The goal of this project is to provide an interactive, accessible learning platform for users to learn American Sign Language. We were largely inspired by popular apps like Duolingo and the possibility of integrating intelligent vision systems in education.
This web application allows users to use just their webcam and their hand to learn American Sign Language and receive real time feedback. The learning environment is composed of three main parts. On the right, the user is shown a reference image of a signed letter. On the left, the user’s live camera feed is shown. On the top, a live feedback bar shows the user’s progress--the more correct letters they sign, the closer they become to advancing to the next learning module. On the right, new material is introduced for further learning.

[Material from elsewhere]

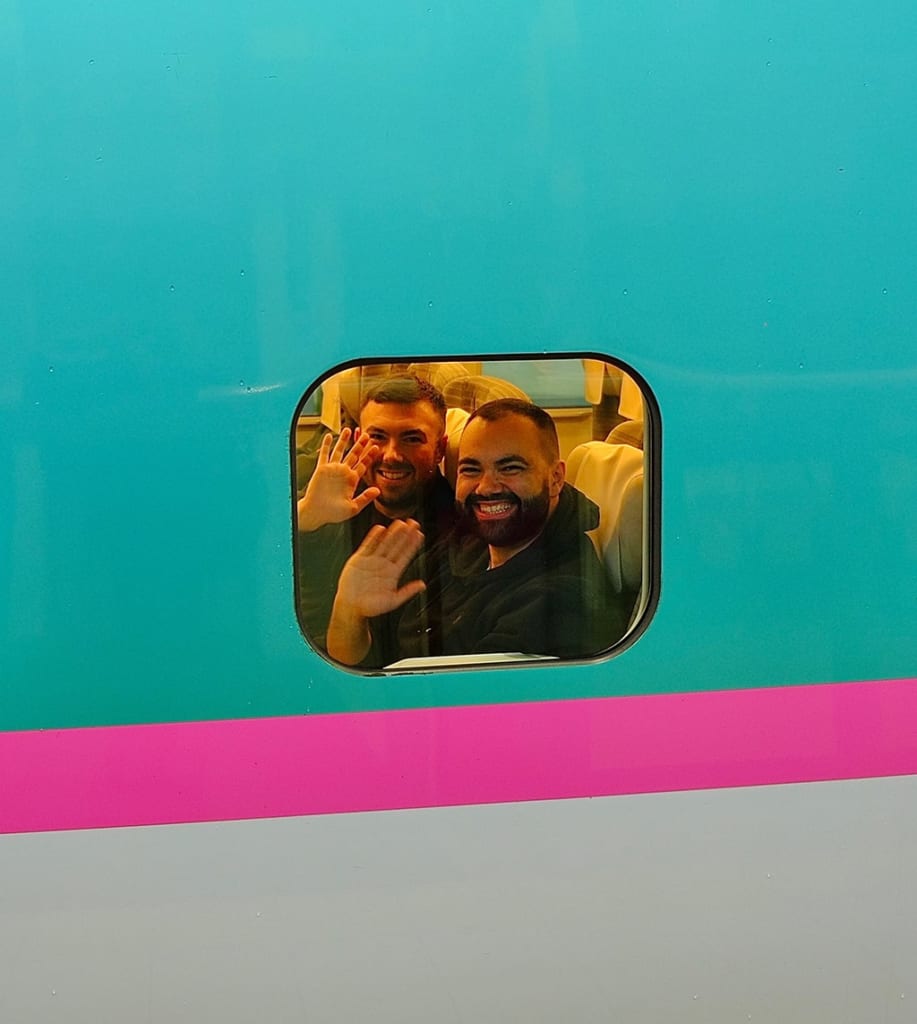 Mark and Jonathan waving from window of Shinkansen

Our user feedback system was built in three stages. We had to:
Design the learning experience. We made a minimalist website with user friendly features, dividing the screen into three necessary interactive regions— one for learning new material, and one for user input, and one for feedback.
Use object detection and bounding box segmentation to identify and locate users’ hands. We used Handtrack.js, which trained on a dataset of annotated human hand pictures. We then implemented image preprocessing on detected hands, cropping them closely to reduce the noise in our data (environmental lighting/background) before sending it to our classifier. A live webcam video feed was added to our webapp, and a snapshot of the video would be saved if a hand was detected in the feed.
Create a custom image classifier for American Sign Language We took over 500 photos with our webcams to create a data set of signs, which we used as inputs to train our custom IBM Watson visual recognition model. We used REST API’s to send images from our node.js webapp to our classifier, which sent back json files including the classification with the highest confidence level.
Choosing and creating an image classifier model. We started out by utilizing a premade dataset that we loaded into IBM Watson; however, after trial and error, we thought it best to create our own dataset and try other classification models. We also used the Google AutoML vision, which yielded 98.18% precision and 93.1% recall-- unfortunately, we didn't have time to switch to its API.